The crisis on the U.S.-Mexico border is a great time for reflection on this matter. In no way will there be FEMA camps (OMG! The UN and FEMA in one post, someone call Alex Jones on me!) set up for these children, many of whom it seems should be given some sort of asylum — or at least the opportunity to appeal for it before an immigration judge. The United Nations will never send blue helmets over to run camps or do anything else until the American people call for them — and then they’ll be ineffective and pointless bystanders, just like everywhere else they operate.

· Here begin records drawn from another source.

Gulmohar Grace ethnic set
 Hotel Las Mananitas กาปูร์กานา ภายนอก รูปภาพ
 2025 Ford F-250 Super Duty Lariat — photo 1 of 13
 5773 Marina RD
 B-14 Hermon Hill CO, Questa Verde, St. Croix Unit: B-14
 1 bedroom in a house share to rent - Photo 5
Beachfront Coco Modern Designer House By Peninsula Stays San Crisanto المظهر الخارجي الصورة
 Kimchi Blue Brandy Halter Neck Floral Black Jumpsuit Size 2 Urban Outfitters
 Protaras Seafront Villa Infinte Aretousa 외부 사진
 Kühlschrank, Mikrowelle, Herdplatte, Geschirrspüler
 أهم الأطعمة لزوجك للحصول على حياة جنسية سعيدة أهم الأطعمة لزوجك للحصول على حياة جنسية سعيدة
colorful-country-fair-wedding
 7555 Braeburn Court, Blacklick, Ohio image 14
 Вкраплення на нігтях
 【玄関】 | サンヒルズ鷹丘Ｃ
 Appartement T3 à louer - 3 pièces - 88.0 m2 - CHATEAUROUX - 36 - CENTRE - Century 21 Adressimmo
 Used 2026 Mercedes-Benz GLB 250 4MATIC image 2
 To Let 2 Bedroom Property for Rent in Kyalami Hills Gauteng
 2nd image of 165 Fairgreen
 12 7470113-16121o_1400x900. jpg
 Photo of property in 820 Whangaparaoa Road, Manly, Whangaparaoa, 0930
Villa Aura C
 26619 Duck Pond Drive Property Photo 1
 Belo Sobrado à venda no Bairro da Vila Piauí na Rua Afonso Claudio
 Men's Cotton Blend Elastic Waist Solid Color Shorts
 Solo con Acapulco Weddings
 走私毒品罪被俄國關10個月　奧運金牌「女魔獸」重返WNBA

If only due to ideology and, thus, policy, there will never be a well-run refugee camp in the U.S. There won’t even be real refugee camps, with the freedom of movement and personal quarters afforded such camps’ residents. But if the federal government and border states (since the ones like Texas are so interested in getting in the border control business) could provide adequate — or better — services to the children fleeing violence in their homeland, they may just end up facing a little hostility about lack of such services inside their own states and country. But, let’s be honest, we wouldn’t even do as well as Turkey.

City Councilwoman Heidi Thiess of League City, Texas, which recently barred any undocumented immigrant children from staying the city, puts succinctly what worries conservatives most. The resolution, of course, is completely unconstitutional, and the city knows it. It’s merely symbolic.

“We’re not able to take care of our own veterans? We can’t take care of our own homeless and indigents here?” Ms. Thiess, a 43-year-old business owner, said, adding that the resolution was directed at the federal government, not at the immigrants. “But we are apparently ready to print money to take more from taxpayers to take care of an influx of hundreds of thousands of people who are illegal here who think they’re going to get a free pass.”

Currently, the argument is used to oppose housing the refugees — which I find a bit inhumane. We have an immigration system for a reason. Let it work. But, were we to have a functioning refugee camp system, the same argument would be made for increasing social and infrastructure benefits to American citizens. Interesting how that argument cuts both ways.

In a column in today’s The New York Times, the president of the American Enterprise Institute, Arthur C. Brooks, urged people to abandon their materialism and uninterrupted smartphone use and find happiness in the only true place one can find happiness: by being with people and by reflecting about oneself and the world. (How can I agree with a guy from the AEI on something? Well, I never said I was some hardcore leftist. And, aside from his nods to “traditional family” and faith, I can use the helpful aspects of the column.)

At one point he writes, “Love people, not things.” He says we often have it the other way around. I think now is a time for us to put that to work. To show our community, to love people and use our things to give them shelter, compassion, food, empathy and clothing. We can do more. We shouldn’t let an ideology allow us abandon humans to a deadly fate.

We’d want as much if we were in their situations.